Every line from the one with "Vučić čestitao Dodiku pobjedu na izborima" to the end of the entries, both included, is to be copied exactly; the other lines stay out.
___ Extracted records
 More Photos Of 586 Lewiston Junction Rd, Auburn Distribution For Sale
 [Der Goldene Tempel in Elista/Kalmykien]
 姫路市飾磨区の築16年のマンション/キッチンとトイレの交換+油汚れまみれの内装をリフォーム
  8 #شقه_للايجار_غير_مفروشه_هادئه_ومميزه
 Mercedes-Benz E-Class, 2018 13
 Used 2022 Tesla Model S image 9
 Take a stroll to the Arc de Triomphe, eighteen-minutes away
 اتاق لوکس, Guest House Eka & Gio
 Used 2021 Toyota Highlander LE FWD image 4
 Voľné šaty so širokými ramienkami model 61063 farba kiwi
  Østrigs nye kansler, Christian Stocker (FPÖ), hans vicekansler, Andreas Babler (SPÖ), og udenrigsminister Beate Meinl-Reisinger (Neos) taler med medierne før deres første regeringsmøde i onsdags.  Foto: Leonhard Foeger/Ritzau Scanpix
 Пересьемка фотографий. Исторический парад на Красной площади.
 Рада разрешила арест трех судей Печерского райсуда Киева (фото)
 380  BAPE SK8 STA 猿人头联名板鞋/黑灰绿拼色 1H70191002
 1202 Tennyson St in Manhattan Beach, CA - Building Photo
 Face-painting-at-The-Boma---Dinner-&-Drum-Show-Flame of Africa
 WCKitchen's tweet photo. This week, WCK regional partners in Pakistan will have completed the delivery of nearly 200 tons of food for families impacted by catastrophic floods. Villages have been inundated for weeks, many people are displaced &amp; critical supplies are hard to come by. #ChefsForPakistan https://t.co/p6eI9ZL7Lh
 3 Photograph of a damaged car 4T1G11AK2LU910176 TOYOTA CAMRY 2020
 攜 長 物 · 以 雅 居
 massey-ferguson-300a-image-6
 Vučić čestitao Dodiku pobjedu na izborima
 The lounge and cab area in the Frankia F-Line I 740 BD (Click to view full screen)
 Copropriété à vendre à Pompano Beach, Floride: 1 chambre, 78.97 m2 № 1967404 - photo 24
______
## Answer to this exercise
 Vučić čestitao Dodiku pobjedu na izborima
 The lounge and cab area in the Frankia F-Line I 740 BD (Click to view full screen)
 Copropriété à vendre à Pompano Beach, Floride: 1 chambre, 78.97 m2 № 1967404 - photo 24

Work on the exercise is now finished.